Expedition to the Motherland | My Family Travels

The most enlightening experience of my life began with a slideshow from a teacher at St. Francis High School. Having returned from a trip to Ghana, Africa, where our sister school was located, Ms. Davis returned to with many stories and even more pictures to share her experience. While watching her presentation, a friend and I were inspired to travel to this country and to meet the students with whom our school had already started a pen-pal relationship. To make this dream a reality, we advocated during our sophomore year. After much research, paperwork, and late nights, our trip was approved. At the beginning of our junior year, we presented the trip to the student body- a two-week expedition for twelve juniors and three chaperones to meet the students at St. Francis Jirapa, to immerse ourselves completely into a different culture, and to serve along with our brothers and sisters. After a thorough application process, the lucky twelve were chosen.

The trip was organized and executed with the help of Catholic Relief Services, which provided the accommodations and schedules, all the while taking great care of us. We arrived in Accra, the capital of Ghana, on June 7th. We immediately had to get used to the change in climate, but were too tired to really notice. We met with our CRS representative, Thomas, who would later prove a very irreplaceable asset on the trip, and soon after were shown to our hotel.

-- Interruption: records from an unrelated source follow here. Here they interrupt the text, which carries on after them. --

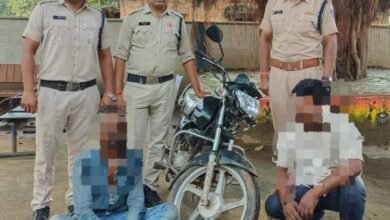 Photo of सोहागपुर पुलिस को मिली सफलता, 2 मोटर साइकिल चोर गिरफ्त में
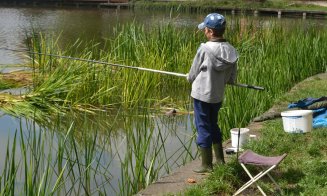 Concurs de pescuit pe lacul I Gheorgheni din Cluj-Napoca, de Ziua Copilului. Participarea este GRATUITĂ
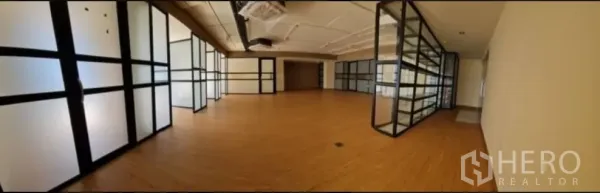 零售空间 出租在Chatuchak, Bangkok - 开放式零售室内，木纹地板、黑框玻璃隔断与裸露天花，位于乍都乍。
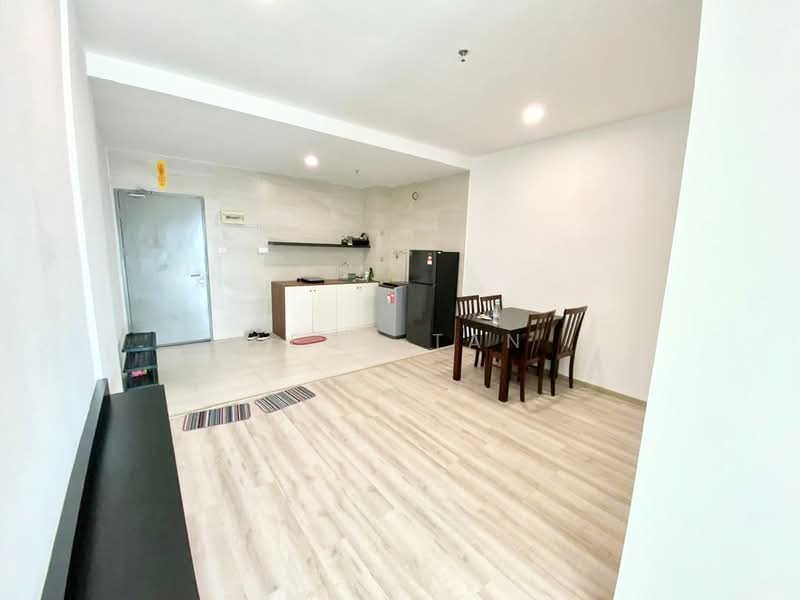 Apartment for Rent at Summer Suites @ The Summer Shopping Mall - Leon Tan - Kitchen - PropertyGuru.com.my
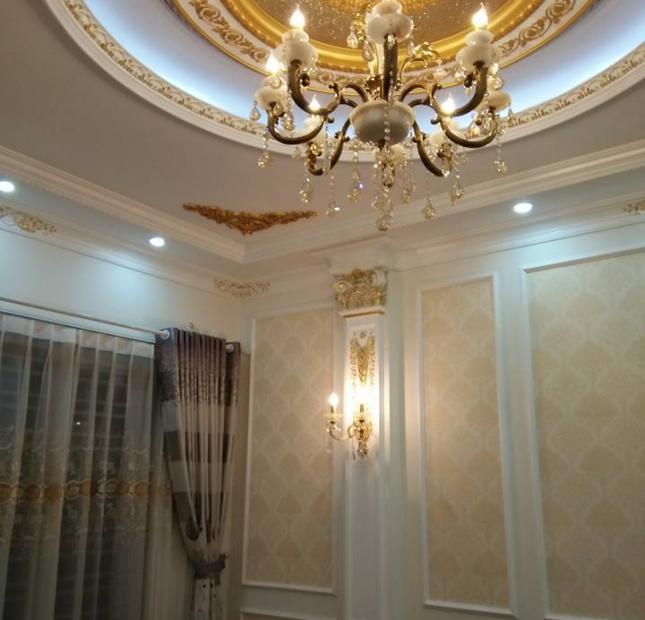 Nóng, nhà đẹp kinh doanh Trần Quốc Hoàn 45m2 x 6T, giá 9,8 tỷ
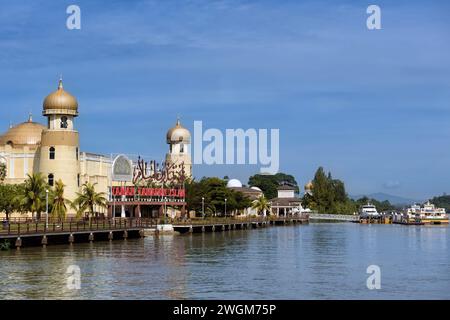 Terengganu, Malaysia - 3. Juni 2022: Islamic Civilization Park (Taman Tamadun Islam), Terengganu, Malaysia. - Taman Tamadun Islam oder die islamischen Civili Stockfoto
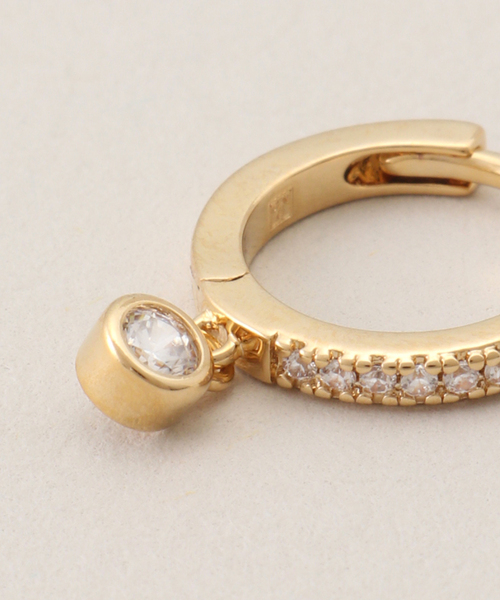 journal standard L'essage(ジャーナルスタンダードレサージュ)の「【NOUVEL AMOUR/ヌーベルアムール】MINI HOOP AVA WHITE:ピアス(片耳用)(ピアス(片耳用)・レディース・ホワイト・FREE)」の4枚目の写真
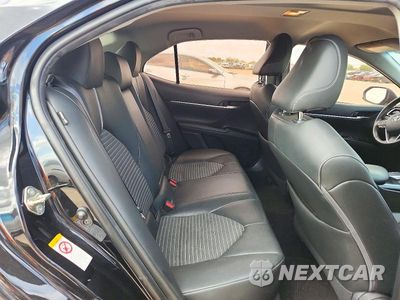 Zdjęcie 10 z 12 samochodu: 2018 TOYOTA CAMRY SE VIN:4T1B11HK1JU603448 - miniatura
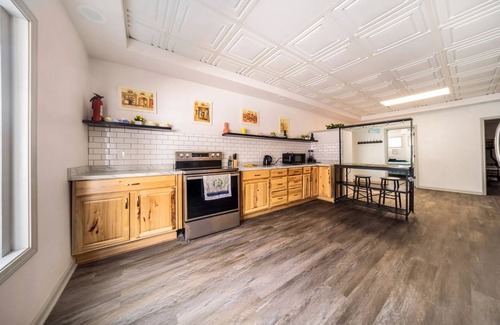 Cuyahoga Falls House | 5BedR, Sleeps 16, Big Yard, Game Room, Pet OK, CVNP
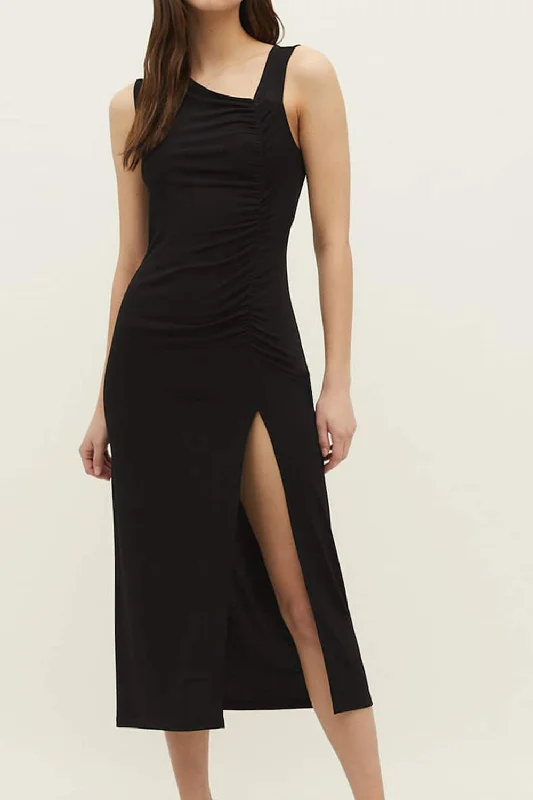 Acharnes Black Dress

The next day our group packed up yet again and headed for Tamale. The view from the sky was breathtaking. Though Africa is known for being desert-like continent, it is actually home to much beautiful vegetation. This was one of the first things to have shocked me about traveling to Africa- the amount of vegetation we encountered.

After arriving in Tamale, we spent a couple of days exploring the small towns and villages. We learned about CRS and the services it offers within Ghana. We were amazed. Their goal is not to merely throw money at the problems afflicting the Africa economy, but to instill within the locals the knowledge and skill to sustain life. CRS programs include raising awareness about common diseases and how to prevent them as well as sustenance farming. We met local farmers who benefited from these programs, and saw firsthand the good work that CRS was doing.

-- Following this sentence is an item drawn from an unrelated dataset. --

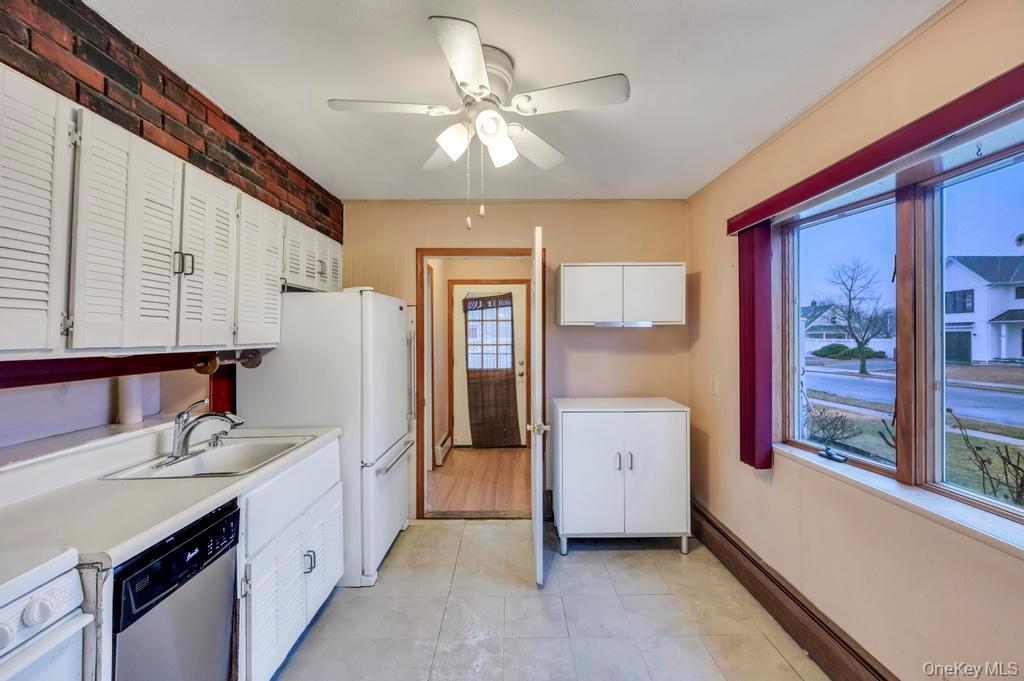 #6 photo, 33 Pond Lane, Levittown , NY 11756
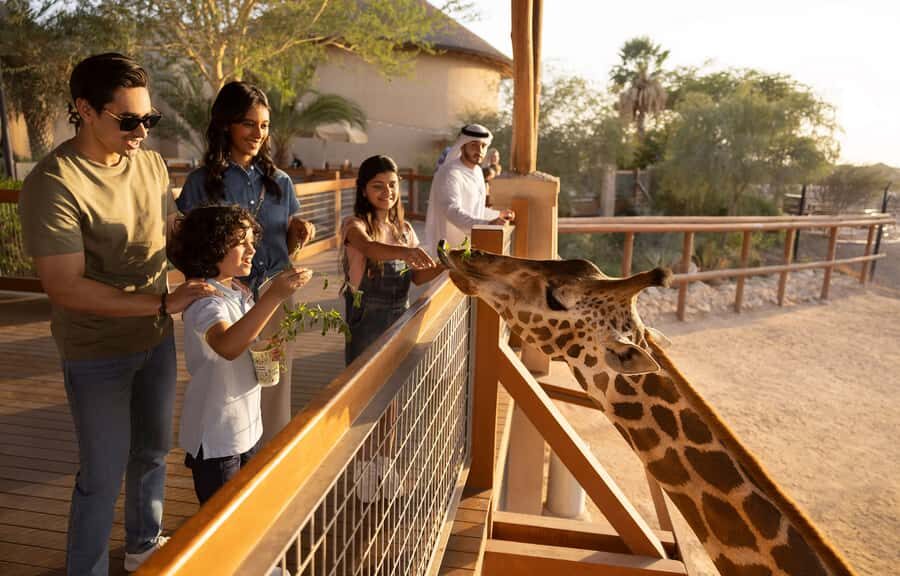 Dubai: Al Ain Garden City with Conservation Zoo - Guides and timing: how to make the day feel smooth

Following our time in Tamale, our group traveled to Jirapa, where our sister school is located. The girls had been preparing for a year for our arrival, and it showed with their enthusiasm and the welcoming ceremony. There were passionate dances, colorful skits, and passionate songs. The ceremonies ended with a welcoming ritual in which our group was offered water- a precious resource- and then it was off to bed.

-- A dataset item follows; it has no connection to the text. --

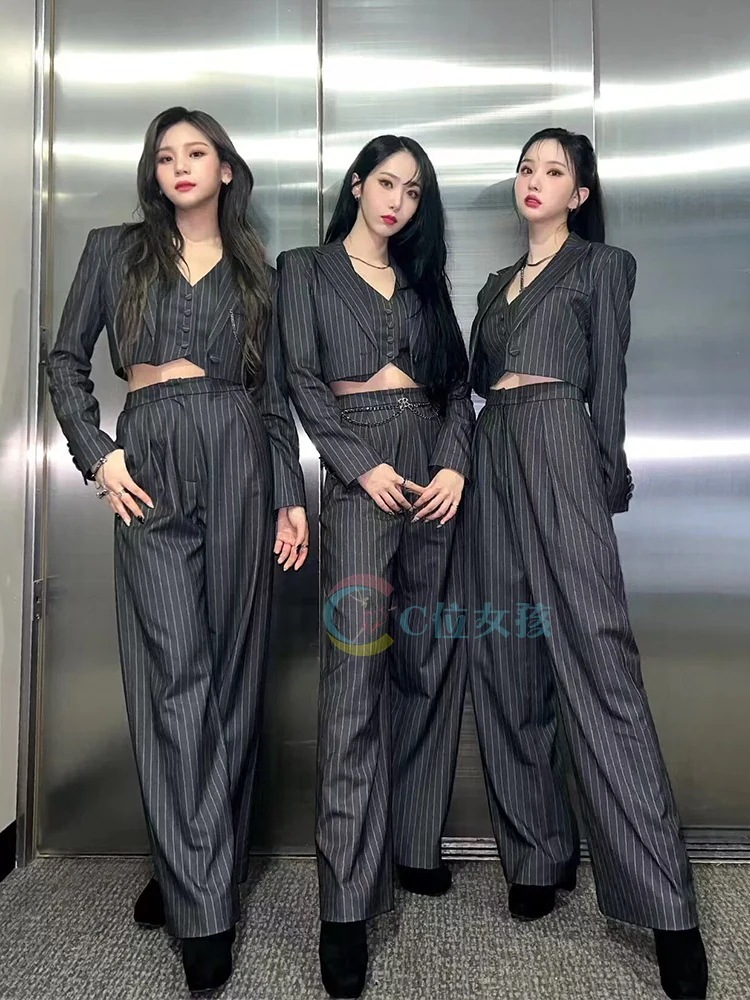 【2枚購入で200円 OFF！】Viviz 同じデザイン プルアップパフォーマンス服ジャズダンスパフォーマンススーツ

Our group primarily served while at the school. We volunteered at a local orphanage where we entertained children between the ages of one and ten. We also visited local homes and learned about the lives of the natives, and their perspective on things like family and responsibilities.

My experiences in Africa changed my view of many things I had considered unchangeable. Seeing the large but tight-knit families made me more grateful for the small one I have at home. Seeing the many people who managed to smile despite their poverty showed me that happiness is possible without the luxuries we often take for granted. And meeting and forming relationships with the beautiful natives made me realize just how important it is that we in America not drift as individuals, but unite as a community.